El antídoto más eficaz para cualquier suspicacia fue cultivar el mito de que en Chile la corrupción era un fenómeno desconocido, casi inexistente. Repetirlo nos hacía sentir orgullosos. La prueba de que no hubiera corrupción era, básicamente, que no nos enterábamos de ningún caso; lo que sí conocíamos eran “irregularidades”, que es la manera de llamar a los actos de corrupción cuando involucran a personas que viven en la cápsula de aislamiento a prueba de ruidos molestos antes mencionada. Un par de llamados, otro par de reuniones de emergencia, y la justicia hacía su parte liberando de vivir momentos desagradables en tribunales a los involucrados en tramas de financiamiento ilegal de la política. Había que cuidar la democracia a punta de telefonazos. A la larga, el costo de fomentar la doctrina del sigilo perpetuo acabó erosionando toda confianza en las instituciones y provocó el naufragio en cámara lenta de un pacto social entre gobernantes y gobernados que acabó sumergido en un pantano de escepticismo.
Ahora la realidad toca a la puerta todos los días.
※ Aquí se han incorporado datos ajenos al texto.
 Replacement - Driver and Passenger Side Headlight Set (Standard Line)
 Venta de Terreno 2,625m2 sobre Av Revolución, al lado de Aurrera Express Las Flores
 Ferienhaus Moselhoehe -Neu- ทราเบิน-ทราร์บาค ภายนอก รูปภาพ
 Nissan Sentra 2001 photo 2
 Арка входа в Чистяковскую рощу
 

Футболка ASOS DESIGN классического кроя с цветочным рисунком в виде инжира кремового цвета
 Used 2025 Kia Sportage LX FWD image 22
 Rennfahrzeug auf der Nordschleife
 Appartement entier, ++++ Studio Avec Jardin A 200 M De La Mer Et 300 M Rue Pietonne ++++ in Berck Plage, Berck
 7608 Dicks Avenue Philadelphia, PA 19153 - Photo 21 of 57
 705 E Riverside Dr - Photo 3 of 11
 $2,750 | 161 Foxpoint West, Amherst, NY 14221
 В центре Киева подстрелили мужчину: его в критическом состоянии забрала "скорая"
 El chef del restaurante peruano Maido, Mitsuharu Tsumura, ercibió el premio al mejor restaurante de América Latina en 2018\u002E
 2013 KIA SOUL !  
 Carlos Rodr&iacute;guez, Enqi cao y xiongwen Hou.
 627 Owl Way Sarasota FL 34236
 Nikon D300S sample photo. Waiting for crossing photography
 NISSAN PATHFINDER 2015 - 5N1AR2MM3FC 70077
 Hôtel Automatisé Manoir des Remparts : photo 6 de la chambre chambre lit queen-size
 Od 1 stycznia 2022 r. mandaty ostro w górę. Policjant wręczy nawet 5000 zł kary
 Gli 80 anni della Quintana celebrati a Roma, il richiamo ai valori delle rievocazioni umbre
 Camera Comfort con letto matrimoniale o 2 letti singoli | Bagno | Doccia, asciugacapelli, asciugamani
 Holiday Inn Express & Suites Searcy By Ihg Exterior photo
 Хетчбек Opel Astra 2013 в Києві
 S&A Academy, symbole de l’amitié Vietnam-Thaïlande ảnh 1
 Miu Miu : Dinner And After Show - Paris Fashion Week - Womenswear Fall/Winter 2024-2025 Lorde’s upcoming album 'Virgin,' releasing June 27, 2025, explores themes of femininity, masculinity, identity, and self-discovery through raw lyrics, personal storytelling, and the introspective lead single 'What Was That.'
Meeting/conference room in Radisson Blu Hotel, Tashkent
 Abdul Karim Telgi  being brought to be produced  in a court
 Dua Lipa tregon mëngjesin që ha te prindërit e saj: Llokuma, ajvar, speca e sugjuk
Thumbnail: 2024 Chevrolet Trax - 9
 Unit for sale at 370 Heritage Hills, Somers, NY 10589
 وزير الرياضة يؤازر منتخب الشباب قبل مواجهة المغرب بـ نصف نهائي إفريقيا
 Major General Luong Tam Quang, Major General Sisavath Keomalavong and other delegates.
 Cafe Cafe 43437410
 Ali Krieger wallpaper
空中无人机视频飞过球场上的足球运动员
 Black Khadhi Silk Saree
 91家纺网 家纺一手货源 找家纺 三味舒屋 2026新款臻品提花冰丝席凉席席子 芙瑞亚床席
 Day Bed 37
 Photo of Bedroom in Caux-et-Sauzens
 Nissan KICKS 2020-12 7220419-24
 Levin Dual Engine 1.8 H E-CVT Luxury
No para de golpearnos. El ruido es tanto y tan insistente, que ya nadie se sorprende ni de los fraudes, ni de la colección de crímenes sin castigo que se arrastran por décadas; lo que lograron maniatando durante tantos años los hechos es que una vez que estallaron, lo hicieron con una potencia tal, desde tantos lugares, con cifras tan enormes, que colmaron toda capacidad de asombro. El cuco ya no sólo gruñe al fondo del pasillo por unos pinocheques venenosos, ahora sale a vigilar a una jueza que investiga un fraude de dimensiones y alcances inverosímiles en el Ejército, se las arregla para robar un expediente secreto y se da el tiempo de indagar en la vida de los periodistas que reconstruyen sus crímenes pasados y presentes.
Decían que lo mejor era estarse quieto, sin mover nada, decían que jugar al un, dos tres momia le hacía bien la democracia, pero lo que finalmente provocaron fue mandarla a cuidados intensivos, desentenderse de la cuenta acumulada y refugiarse en la cápsula del poder perpetuo a prueba de disgustos, a salvo de rendir cuentas, desconociendo toda responsabilidad del daño provocado.